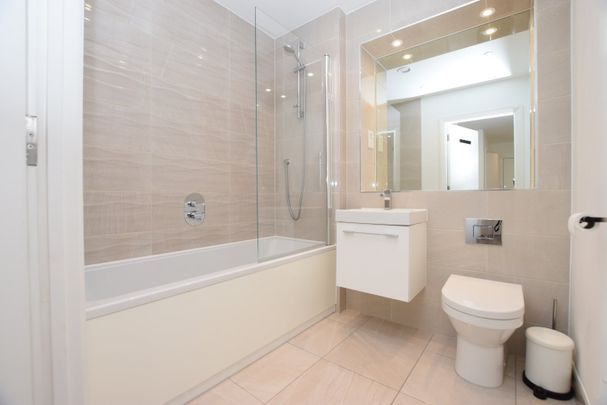 Flat to rent - 3 Scena Way, London, SE5 - Photo 1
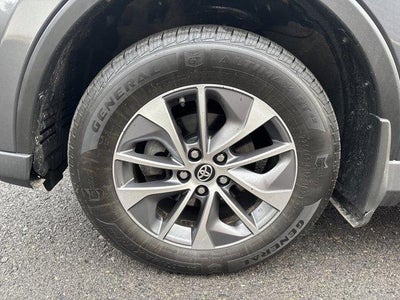 2017 Toyota RAV4 Hybrid XLE AWD (Natl)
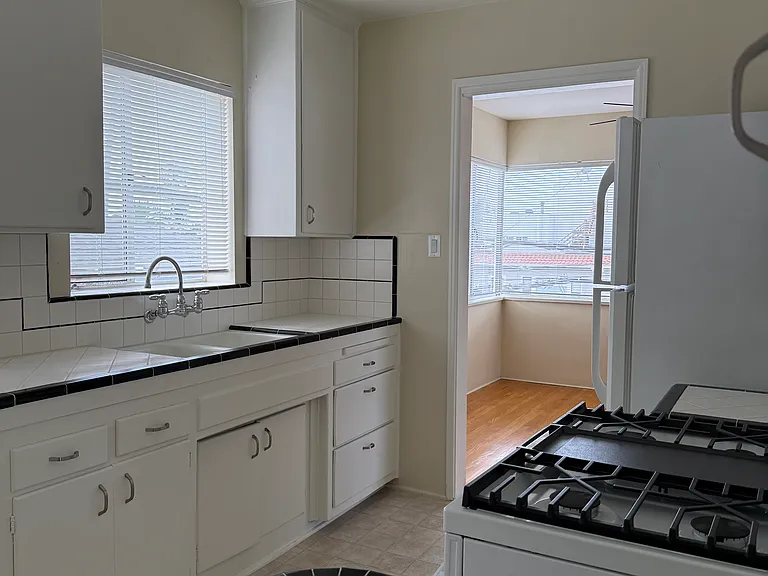 100 Mira Mar Ave — Photo 9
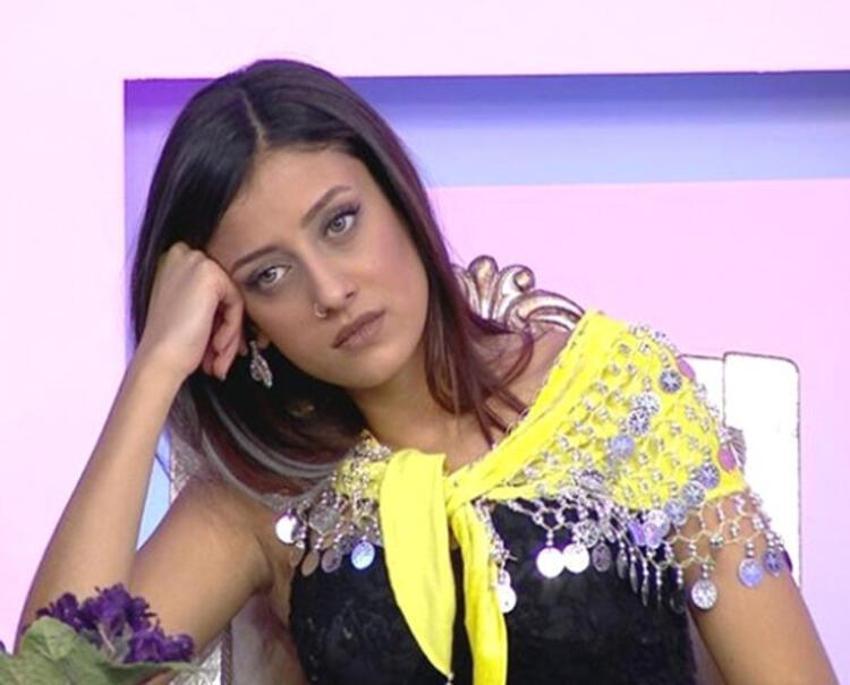 Gelin adayı Solmaz Çiros dekolteli pozuyla tüm dikkatleri çekti!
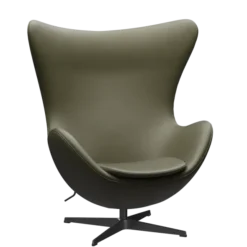 3316 Ægget loungestol, stel i sort af Arne Jacobsen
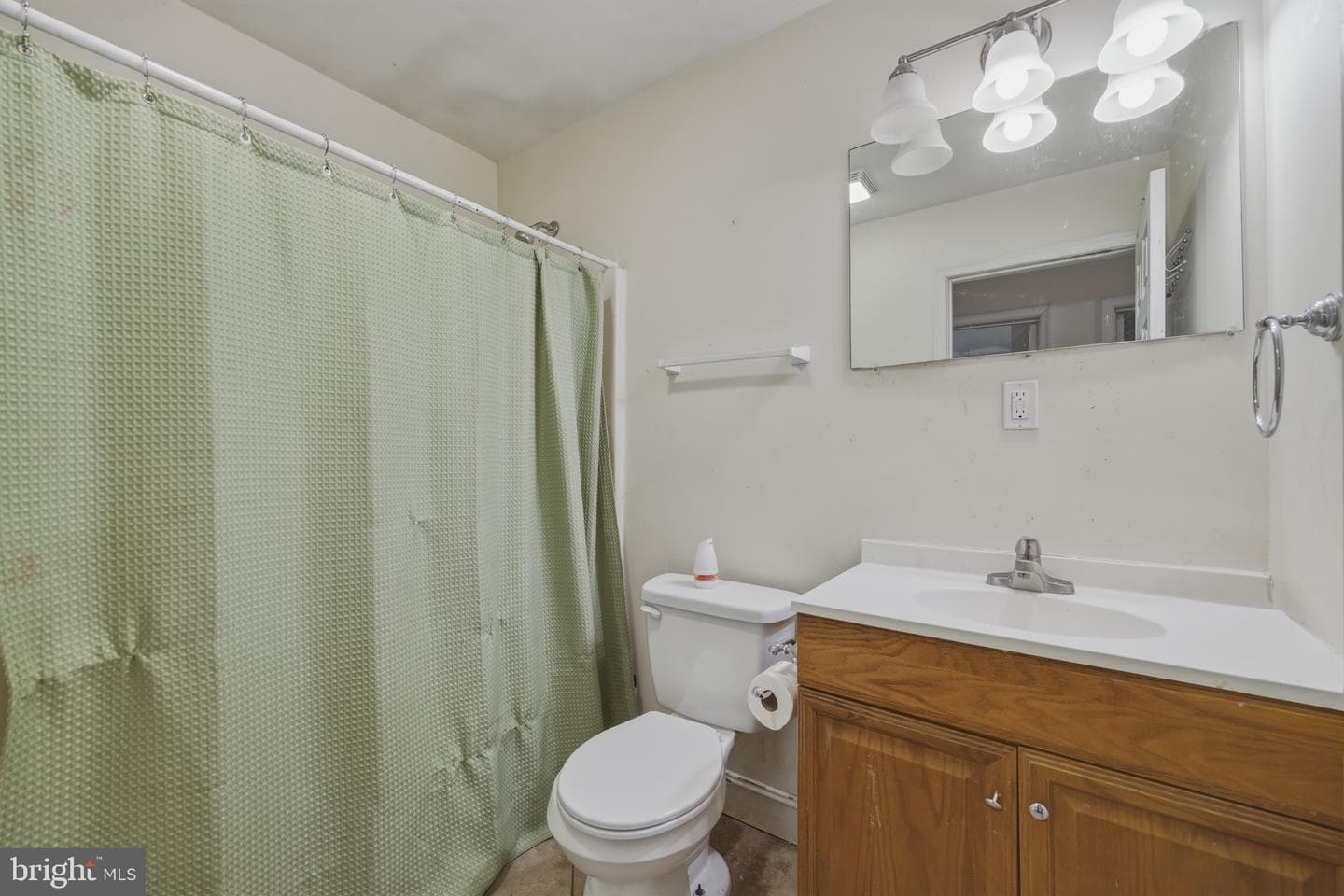 272 Willow Lane photo 18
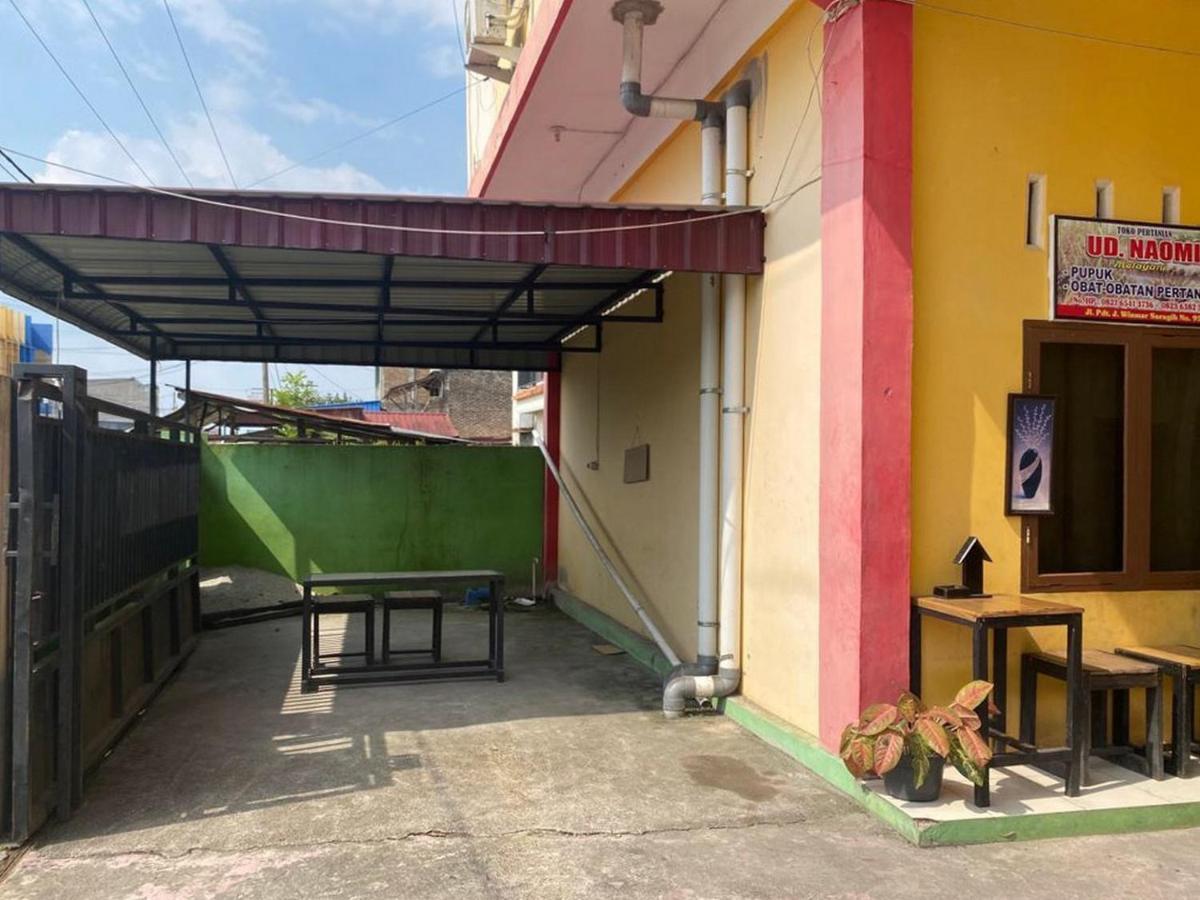 Penginapan Steady Mitra Reddoorz Pematangsiantar Exterior photo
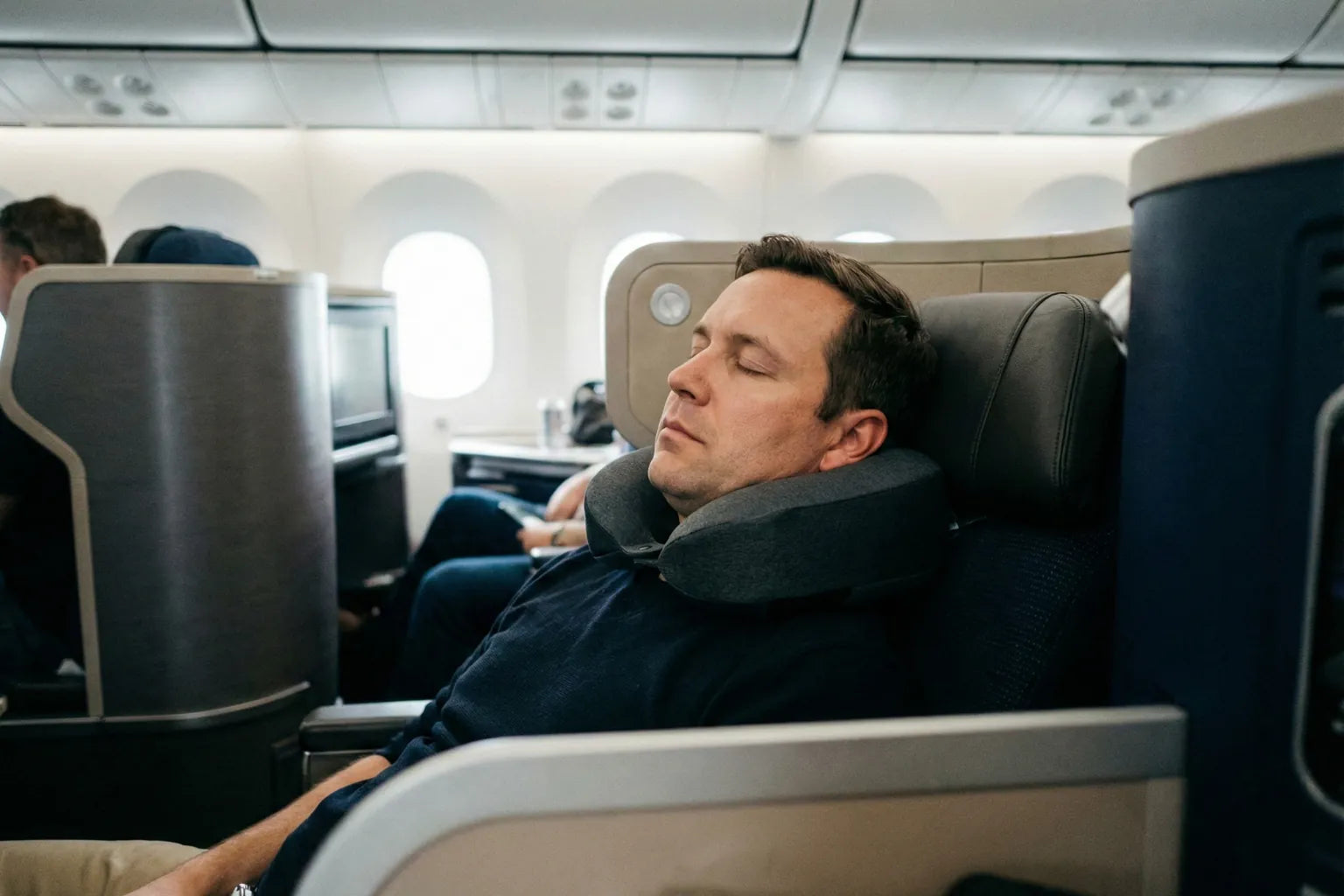 Illustration d’un oreiller ergonomique de voyage offrant un soutien cervical stable en avion, pour limiter les tensions et améliorer le confort pendant le trajet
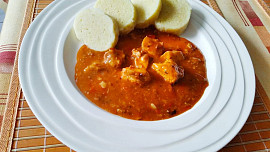 Guláš z kuřecích stehen s paprikou a rajčaty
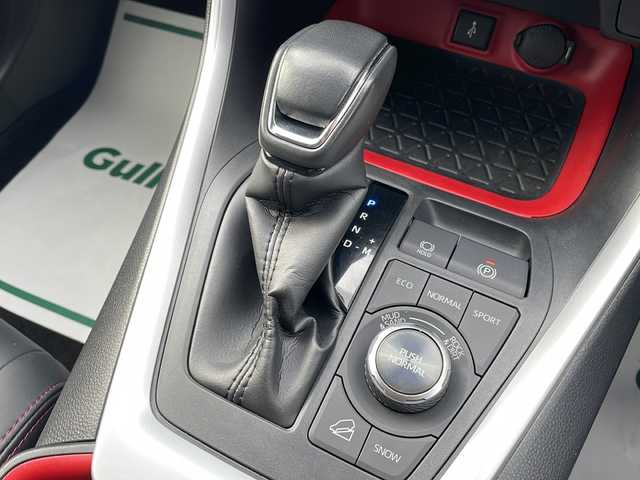 トヨタ ＲＡＶ４ アドベンチャー オフロードPKG 岩手県 2021(令3)年 7万km グレーメタリック 純正ディスプレイオ(ラジオ/USB/BT/Miracast)/寒冷地仕様/ビルトインETC/前後ドライブレコーダー/レザーシート(合皮)/プリクラッシュセーフティ/レーダークルーズコントロール/レーントレーシングアシスト/オートマチックハイビーム/ロードサインアシスト/TRDマットガード/ルーフレール/横滑り防止機能/LEDヘッドライト/フォグランプ/スマートキー/ステアリングスイッチ/電動格納ミラー/ウィンカーミラー/ドアバイザー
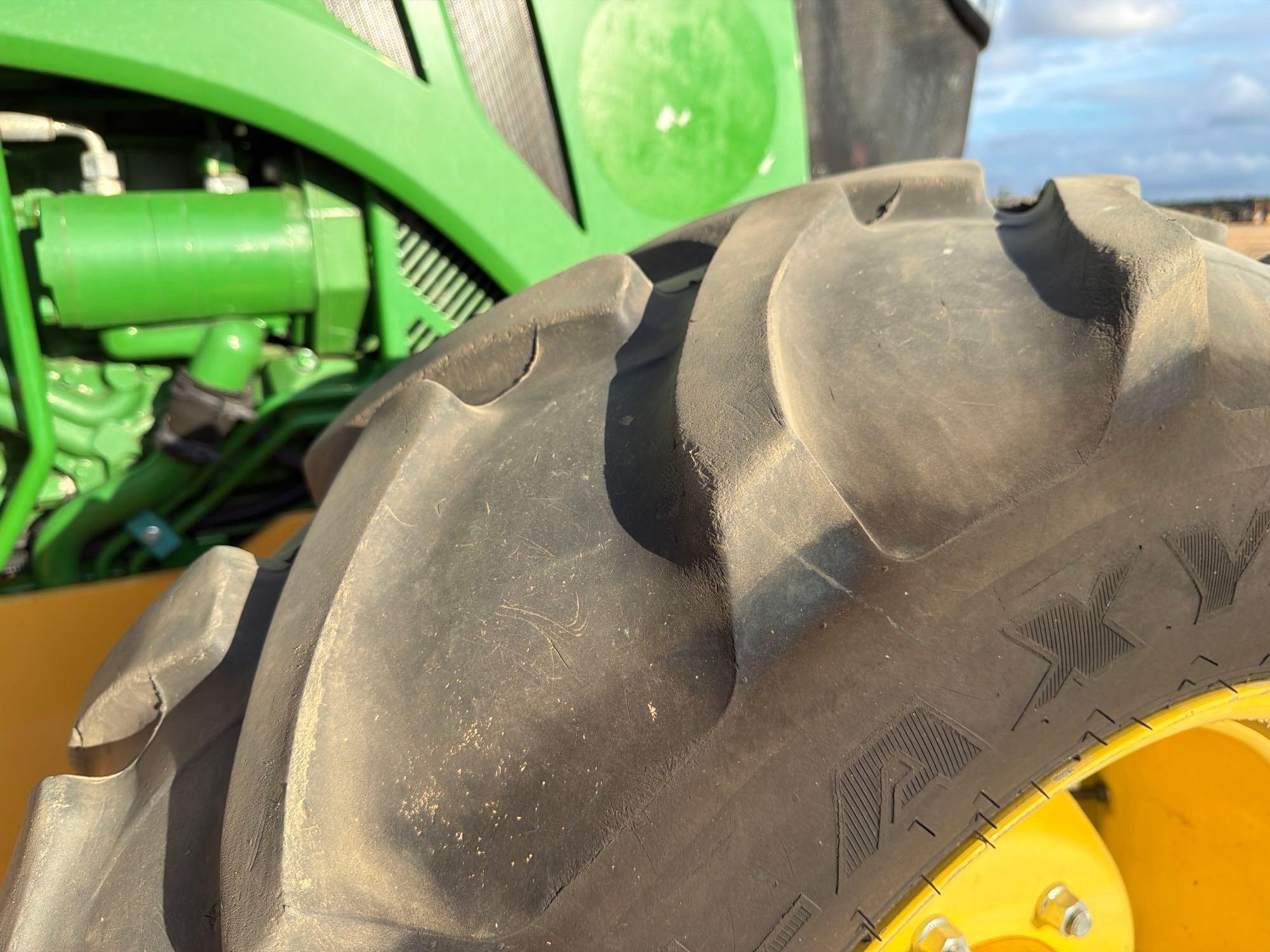John Deere 5100E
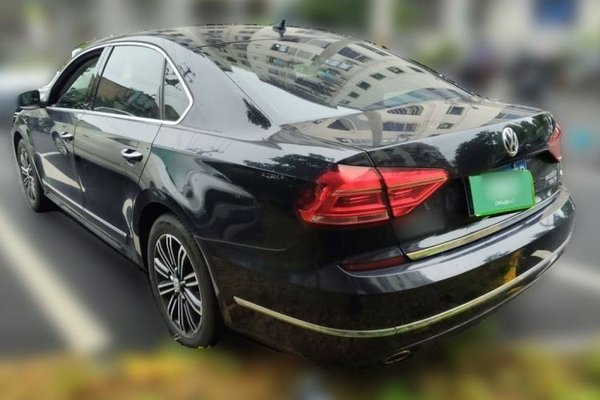 Volkswagen Passat 2017, 32100 км, за 12614 USD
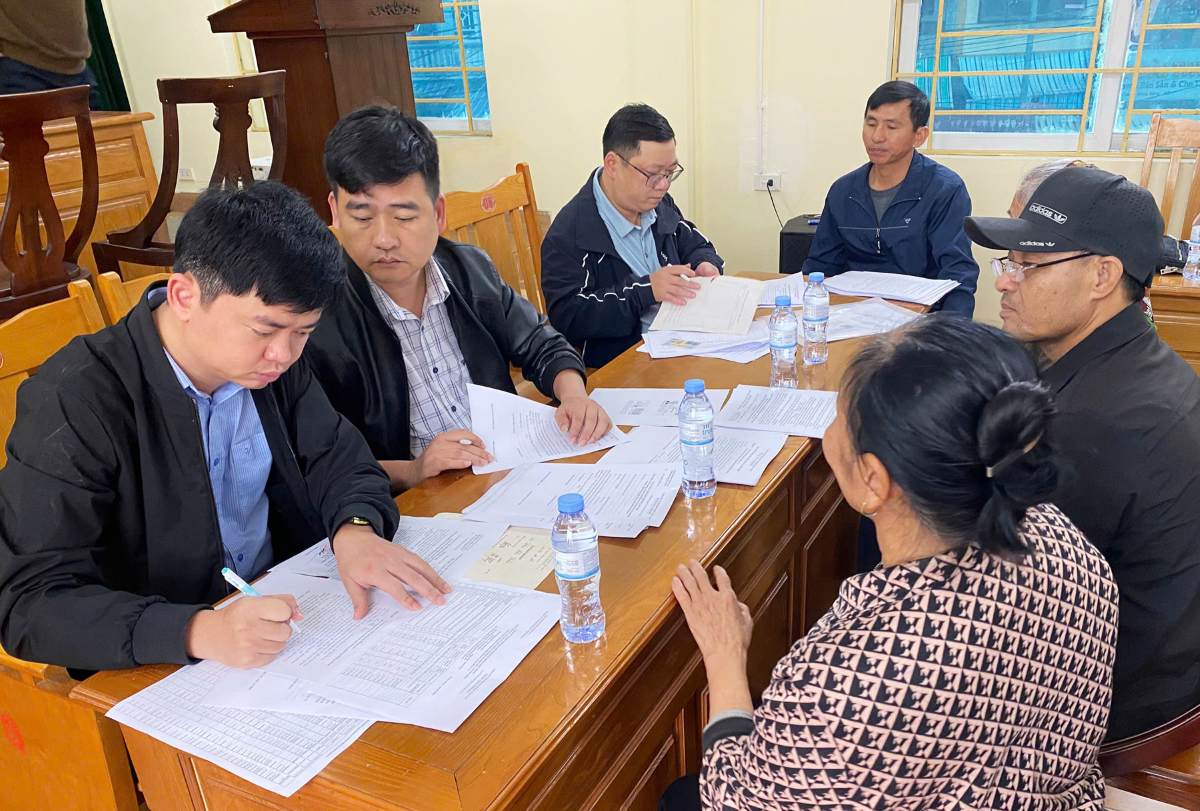 Hong An ward pays to households whose land is recovered. Photo: Hai Phong e-Portal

● To do
Please retype, exactly as they appear, the lines from the one with "Volkswagen Passat 2017, 32100" through the final line of the material, both included, and drop any pictures.

● Response area
 Volkswagen Passat 2017, 32100 км, за 12614 USD
 Hong An ward pays to households whose land is recovered. Photo: Hai Phong e-Portal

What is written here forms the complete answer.